We have: $f^{-1}(U) = f^{-1}(((X\times[0,1))\setminus C) \cup \{p\} = ((X\times[0,1))\setminus C) \cup \{p\} $. And so $\pi^{-1}(f^{-1}(U)) = \pi^{-1}(((X\times[0,1))\setminus C) \cup \{p\}) = ((X\times[0,1))\setminus C) \cup X\times\{1\} = X\times[0,1]\setminus C$.
Since C is closed, we have that $X\times[0,1]\setminus C$ is open in $X\times[0,1]$. So $((X\times[0,1))\setminus C) \cup \{p\}$ is open in the quotient topology of $(X\times [0,1])/\sim$, i.e. $f^{-1}(U)$ is open in $(X\times [0,1])/\sim$. This proves the continuity of f.

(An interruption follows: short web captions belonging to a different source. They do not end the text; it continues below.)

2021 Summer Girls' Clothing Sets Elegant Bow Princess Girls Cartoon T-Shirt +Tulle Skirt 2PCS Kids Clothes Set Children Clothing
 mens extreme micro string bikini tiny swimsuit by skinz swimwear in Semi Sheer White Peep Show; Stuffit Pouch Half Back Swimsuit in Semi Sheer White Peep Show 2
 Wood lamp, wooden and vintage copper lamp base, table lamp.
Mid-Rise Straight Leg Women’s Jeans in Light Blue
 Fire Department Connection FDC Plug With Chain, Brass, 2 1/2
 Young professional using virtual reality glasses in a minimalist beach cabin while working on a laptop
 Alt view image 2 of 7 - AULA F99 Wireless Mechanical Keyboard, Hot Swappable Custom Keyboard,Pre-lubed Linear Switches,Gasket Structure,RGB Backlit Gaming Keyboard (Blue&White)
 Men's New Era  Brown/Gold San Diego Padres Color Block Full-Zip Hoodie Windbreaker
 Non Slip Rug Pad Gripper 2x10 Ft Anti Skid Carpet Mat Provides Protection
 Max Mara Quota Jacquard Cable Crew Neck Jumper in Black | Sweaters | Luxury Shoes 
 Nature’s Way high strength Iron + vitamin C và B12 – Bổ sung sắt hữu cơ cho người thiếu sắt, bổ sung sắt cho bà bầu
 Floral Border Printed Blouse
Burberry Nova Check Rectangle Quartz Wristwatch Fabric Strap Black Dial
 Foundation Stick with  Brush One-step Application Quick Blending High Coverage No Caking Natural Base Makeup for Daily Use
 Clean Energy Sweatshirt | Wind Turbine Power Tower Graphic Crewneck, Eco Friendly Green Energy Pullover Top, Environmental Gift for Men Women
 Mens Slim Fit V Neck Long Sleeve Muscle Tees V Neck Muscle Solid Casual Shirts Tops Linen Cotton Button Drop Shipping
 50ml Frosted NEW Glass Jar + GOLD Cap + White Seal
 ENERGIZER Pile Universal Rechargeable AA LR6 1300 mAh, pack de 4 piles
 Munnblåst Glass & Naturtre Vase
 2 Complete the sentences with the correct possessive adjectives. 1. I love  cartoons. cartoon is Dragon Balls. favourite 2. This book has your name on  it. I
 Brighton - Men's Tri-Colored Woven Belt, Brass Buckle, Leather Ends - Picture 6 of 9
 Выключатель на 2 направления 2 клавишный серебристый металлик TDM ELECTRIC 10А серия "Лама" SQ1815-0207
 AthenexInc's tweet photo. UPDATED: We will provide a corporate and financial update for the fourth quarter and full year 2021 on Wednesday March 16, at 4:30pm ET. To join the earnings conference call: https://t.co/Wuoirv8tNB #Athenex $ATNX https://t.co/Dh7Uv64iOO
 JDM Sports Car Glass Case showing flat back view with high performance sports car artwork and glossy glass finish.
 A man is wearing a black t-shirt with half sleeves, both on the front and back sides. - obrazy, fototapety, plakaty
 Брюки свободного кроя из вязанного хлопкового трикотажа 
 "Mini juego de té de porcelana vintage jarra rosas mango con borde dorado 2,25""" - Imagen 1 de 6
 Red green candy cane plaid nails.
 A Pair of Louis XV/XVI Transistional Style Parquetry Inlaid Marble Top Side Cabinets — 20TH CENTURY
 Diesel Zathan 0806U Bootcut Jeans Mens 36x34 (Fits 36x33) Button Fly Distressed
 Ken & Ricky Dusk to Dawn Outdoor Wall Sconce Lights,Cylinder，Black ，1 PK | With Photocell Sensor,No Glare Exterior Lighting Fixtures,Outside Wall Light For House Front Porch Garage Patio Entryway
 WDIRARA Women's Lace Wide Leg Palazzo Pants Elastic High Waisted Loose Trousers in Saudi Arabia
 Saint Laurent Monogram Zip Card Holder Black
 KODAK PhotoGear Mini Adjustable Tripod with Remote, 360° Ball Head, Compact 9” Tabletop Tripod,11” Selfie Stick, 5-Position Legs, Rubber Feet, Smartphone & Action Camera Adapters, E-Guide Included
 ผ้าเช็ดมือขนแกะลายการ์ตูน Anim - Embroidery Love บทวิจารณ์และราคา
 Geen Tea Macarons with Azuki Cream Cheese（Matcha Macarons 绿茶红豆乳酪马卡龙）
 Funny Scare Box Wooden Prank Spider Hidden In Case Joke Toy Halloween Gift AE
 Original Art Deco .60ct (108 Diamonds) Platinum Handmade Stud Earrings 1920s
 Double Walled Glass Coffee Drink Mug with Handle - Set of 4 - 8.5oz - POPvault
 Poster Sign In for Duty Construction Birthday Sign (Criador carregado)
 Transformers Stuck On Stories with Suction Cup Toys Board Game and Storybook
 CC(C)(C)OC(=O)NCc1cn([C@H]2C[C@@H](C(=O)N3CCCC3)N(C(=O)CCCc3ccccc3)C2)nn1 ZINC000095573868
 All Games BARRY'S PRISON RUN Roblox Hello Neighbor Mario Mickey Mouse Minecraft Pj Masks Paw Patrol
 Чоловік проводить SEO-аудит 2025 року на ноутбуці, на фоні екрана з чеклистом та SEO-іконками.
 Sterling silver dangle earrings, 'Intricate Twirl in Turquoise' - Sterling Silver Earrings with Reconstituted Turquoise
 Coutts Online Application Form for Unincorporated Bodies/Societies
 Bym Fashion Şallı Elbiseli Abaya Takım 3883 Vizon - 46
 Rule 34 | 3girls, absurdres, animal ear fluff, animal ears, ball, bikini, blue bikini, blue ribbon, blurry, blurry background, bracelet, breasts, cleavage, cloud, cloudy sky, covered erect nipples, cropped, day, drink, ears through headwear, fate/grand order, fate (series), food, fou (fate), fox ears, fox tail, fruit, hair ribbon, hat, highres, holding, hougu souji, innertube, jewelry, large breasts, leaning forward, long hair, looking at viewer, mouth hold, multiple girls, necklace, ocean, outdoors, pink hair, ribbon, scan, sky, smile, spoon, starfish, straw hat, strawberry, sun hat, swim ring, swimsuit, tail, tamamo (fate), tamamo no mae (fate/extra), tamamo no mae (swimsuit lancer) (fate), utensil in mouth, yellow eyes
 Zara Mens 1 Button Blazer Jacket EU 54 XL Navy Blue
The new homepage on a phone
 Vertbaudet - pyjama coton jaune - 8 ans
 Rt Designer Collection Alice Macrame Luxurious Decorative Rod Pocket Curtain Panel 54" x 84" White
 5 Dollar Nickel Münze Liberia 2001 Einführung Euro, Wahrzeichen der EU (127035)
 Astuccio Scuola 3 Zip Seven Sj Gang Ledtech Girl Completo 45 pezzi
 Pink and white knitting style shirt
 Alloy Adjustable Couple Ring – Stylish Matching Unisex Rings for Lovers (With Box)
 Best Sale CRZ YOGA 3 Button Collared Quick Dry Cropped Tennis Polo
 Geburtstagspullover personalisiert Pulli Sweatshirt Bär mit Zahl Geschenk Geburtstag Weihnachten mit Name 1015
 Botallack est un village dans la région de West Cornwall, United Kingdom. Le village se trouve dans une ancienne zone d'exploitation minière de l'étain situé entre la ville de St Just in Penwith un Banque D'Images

Before proceeding with the continuity of $f^{-1}$, I'd like to ask for others' opinion on the part above. Also, just to be sure, in $X\times [0,1]$, are we considering $[0,1]$ as a subset of $\mathbb{R}$, i.e. does it has the subspace topology induced by the usual topology on $\mathbb{R}$? If not what is the topology on $[0,1]$?
$C(X)$ minus the identified point $\{b\}$ (the identified $X \times \{1\}$ set) is just homeomorphic to $X \times [0,1)$ as $p$ restricted to that set is 1-1 and open and continuous.
Now apply the theorem that if $Y$ is compact Hausdorff and for some $y \in Y$, $Y\setminus \{y\} \simeq X$, then $Y$ is homeomorphic to the one-point compactification of $X$, and note that $C(X)$ now applies.